*EXERCISE DIRECTIONS*
Transcribe, word for word and without additions, each line below from the one containing "Colorescience Total Protection" through the one containing "Đụ em sugarbaby", both ends included.

*AVAILABLE DATA*
▽
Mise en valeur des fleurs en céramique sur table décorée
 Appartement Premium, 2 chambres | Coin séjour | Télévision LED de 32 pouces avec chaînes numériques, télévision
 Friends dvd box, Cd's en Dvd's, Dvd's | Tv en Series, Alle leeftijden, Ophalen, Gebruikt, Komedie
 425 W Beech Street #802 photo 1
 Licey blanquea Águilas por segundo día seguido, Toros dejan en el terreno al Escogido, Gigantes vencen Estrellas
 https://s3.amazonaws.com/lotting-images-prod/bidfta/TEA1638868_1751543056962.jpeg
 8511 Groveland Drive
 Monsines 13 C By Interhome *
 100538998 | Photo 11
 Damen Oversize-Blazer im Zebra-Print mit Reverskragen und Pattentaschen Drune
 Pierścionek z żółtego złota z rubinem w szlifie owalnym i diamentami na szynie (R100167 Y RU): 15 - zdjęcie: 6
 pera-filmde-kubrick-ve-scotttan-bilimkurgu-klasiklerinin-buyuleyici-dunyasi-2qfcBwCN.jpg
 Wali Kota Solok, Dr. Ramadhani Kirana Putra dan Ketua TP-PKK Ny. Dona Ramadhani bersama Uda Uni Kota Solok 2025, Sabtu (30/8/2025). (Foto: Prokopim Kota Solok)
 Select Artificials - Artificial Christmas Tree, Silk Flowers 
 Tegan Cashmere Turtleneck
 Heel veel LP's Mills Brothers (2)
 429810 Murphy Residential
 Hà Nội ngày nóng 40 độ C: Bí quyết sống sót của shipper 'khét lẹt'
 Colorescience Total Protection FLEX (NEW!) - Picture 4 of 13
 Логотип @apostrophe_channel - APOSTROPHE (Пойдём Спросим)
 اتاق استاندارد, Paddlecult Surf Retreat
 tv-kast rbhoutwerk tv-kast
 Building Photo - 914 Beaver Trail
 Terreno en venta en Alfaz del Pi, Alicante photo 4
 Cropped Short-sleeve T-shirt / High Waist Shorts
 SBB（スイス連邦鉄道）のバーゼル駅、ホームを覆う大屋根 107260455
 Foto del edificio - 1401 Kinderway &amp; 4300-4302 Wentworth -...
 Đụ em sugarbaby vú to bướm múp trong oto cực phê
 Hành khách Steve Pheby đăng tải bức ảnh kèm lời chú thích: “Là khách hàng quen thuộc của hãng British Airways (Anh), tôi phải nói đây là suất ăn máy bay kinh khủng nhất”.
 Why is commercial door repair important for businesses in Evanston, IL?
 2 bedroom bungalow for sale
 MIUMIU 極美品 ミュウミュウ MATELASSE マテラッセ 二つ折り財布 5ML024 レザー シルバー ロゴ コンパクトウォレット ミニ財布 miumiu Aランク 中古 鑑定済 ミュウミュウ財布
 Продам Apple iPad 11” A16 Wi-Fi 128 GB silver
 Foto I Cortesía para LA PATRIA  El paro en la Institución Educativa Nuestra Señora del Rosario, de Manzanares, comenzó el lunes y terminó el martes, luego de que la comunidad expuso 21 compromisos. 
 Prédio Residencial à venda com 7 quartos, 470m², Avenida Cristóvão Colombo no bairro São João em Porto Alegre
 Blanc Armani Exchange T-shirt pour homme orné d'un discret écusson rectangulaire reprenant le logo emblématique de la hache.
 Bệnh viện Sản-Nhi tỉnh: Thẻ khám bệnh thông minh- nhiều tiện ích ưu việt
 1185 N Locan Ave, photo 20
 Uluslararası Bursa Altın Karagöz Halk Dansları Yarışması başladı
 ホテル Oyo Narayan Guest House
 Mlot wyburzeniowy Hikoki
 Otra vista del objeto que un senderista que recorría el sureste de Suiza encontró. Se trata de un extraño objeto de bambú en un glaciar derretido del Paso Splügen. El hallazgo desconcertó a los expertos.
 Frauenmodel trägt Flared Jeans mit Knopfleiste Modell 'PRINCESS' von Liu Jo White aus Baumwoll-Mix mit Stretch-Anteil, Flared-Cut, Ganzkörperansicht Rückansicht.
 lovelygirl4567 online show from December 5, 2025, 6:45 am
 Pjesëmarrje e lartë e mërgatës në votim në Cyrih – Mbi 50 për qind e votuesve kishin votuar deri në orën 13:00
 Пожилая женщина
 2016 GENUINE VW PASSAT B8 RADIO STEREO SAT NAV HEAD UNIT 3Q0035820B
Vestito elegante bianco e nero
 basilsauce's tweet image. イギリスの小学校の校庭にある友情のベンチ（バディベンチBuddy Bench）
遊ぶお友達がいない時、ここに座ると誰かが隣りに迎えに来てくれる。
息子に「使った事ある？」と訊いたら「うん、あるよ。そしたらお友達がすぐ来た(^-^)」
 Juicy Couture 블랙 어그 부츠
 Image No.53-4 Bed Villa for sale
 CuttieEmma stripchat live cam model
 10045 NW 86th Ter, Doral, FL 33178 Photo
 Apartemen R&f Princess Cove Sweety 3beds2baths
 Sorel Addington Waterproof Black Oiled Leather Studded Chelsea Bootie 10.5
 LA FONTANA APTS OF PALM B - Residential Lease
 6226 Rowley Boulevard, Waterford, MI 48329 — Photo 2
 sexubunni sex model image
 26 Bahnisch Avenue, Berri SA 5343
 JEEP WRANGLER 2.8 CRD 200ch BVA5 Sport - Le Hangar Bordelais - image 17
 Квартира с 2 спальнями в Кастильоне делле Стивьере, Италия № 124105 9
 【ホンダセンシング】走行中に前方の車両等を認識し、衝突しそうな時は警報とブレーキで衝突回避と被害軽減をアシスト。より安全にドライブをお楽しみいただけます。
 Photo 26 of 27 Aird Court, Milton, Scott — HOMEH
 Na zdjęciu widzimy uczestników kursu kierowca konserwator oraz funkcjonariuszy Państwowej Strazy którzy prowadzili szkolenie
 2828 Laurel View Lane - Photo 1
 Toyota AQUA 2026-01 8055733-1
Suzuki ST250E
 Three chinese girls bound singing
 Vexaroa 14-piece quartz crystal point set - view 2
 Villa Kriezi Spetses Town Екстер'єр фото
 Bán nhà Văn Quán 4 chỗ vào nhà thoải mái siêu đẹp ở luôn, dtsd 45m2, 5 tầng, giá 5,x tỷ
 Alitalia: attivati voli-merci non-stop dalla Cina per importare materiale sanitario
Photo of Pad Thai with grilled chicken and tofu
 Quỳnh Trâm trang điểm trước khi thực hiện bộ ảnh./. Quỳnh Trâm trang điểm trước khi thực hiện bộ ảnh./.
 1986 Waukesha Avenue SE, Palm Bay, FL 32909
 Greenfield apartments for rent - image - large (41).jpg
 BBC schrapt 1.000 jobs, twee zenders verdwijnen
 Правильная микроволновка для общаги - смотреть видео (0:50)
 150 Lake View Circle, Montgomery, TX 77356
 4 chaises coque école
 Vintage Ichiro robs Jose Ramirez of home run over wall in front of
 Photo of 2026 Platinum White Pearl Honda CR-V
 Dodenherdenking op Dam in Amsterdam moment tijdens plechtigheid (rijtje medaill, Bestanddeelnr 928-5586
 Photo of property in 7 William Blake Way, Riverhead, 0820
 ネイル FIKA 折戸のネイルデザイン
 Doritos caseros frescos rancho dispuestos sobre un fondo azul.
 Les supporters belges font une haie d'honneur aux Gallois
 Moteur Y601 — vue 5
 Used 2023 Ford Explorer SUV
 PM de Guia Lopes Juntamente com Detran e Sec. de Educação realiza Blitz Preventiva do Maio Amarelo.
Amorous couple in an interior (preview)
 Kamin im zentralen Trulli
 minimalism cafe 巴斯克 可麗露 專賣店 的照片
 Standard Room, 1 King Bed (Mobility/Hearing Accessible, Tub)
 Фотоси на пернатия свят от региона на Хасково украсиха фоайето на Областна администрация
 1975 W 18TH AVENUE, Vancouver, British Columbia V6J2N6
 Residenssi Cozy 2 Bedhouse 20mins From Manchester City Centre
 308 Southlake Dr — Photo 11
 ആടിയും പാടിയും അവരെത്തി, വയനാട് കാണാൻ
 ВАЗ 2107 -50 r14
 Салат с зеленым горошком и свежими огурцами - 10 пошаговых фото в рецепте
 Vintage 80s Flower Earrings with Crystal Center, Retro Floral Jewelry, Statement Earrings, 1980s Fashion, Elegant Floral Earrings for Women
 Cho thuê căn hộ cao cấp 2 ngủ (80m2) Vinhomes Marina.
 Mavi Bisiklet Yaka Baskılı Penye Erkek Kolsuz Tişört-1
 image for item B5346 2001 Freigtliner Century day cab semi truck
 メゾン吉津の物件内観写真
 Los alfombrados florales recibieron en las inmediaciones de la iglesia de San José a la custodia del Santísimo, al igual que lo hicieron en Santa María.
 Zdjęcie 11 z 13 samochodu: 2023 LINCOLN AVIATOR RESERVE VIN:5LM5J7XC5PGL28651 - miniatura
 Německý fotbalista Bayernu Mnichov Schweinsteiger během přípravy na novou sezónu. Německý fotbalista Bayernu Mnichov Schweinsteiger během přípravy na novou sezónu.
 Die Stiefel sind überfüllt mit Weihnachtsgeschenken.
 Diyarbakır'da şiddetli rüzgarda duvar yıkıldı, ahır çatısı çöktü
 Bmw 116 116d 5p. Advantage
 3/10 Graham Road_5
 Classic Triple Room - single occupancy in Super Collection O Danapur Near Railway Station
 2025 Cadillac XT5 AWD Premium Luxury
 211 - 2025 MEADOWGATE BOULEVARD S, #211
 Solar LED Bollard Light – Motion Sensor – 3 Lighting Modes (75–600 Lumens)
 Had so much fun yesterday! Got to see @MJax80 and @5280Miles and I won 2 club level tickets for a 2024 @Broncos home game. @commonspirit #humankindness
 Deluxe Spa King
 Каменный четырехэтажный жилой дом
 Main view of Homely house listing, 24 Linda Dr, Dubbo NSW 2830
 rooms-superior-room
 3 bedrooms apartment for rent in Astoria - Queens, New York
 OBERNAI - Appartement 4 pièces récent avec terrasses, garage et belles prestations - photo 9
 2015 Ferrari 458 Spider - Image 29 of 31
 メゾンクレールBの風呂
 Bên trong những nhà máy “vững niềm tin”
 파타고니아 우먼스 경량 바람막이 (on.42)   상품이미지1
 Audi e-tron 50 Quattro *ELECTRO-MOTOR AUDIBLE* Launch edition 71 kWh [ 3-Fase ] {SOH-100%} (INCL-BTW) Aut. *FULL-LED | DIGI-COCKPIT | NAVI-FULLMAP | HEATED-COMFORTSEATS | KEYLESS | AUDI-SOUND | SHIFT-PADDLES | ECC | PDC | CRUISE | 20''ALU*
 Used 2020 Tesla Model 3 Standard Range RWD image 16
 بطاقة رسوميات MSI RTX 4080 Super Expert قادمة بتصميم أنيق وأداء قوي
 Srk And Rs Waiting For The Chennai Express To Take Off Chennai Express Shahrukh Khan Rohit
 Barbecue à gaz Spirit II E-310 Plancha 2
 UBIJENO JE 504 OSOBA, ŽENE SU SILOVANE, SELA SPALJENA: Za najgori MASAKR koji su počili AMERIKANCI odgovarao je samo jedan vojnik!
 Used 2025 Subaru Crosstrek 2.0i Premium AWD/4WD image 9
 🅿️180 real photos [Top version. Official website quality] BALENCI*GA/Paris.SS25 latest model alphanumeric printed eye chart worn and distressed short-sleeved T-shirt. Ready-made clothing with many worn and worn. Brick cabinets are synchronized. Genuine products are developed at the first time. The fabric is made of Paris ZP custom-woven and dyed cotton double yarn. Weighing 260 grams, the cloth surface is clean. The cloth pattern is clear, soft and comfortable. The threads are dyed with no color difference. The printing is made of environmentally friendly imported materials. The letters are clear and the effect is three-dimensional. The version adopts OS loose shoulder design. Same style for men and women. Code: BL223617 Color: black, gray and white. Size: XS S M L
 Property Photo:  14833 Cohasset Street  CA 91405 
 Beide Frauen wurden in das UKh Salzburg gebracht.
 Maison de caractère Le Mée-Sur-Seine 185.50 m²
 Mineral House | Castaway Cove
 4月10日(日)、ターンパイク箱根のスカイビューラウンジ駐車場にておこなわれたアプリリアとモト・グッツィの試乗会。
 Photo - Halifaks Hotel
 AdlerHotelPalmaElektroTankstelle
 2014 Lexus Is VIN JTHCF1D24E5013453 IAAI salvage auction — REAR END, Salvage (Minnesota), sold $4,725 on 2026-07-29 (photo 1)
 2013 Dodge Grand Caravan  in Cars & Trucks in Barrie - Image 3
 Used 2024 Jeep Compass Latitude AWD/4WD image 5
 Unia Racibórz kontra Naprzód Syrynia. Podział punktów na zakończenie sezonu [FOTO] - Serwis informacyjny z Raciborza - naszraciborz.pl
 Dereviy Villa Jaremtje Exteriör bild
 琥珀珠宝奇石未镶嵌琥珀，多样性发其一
△
*TASK ANSWER*
 Colorescience Total Protection FLEX (NEW!) - Picture 4 of 13
 Логотип @apostrophe_channel - APOSTROPHE (Пойдём Спросим)
 اتاق استاندارد, Paddlecult Surf Retreat
 tv-kast rbhoutwerk tv-kast
 Building Photo - 914 Beaver Trail
 Terreno en venta en Alfaz del Pi, Alicante photo 4
 Cropped Short-sleeve T-shirt / High Waist Shorts
 SBB（スイス連邦鉄道）のバーゼル駅、ホームを覆う大屋根 107260455
 Foto del edificio - 1401 Kinderway &amp; 4300-4302 Wentworth -...
 Đụ em sugarbaby vú to bướm múp trong oto cực phê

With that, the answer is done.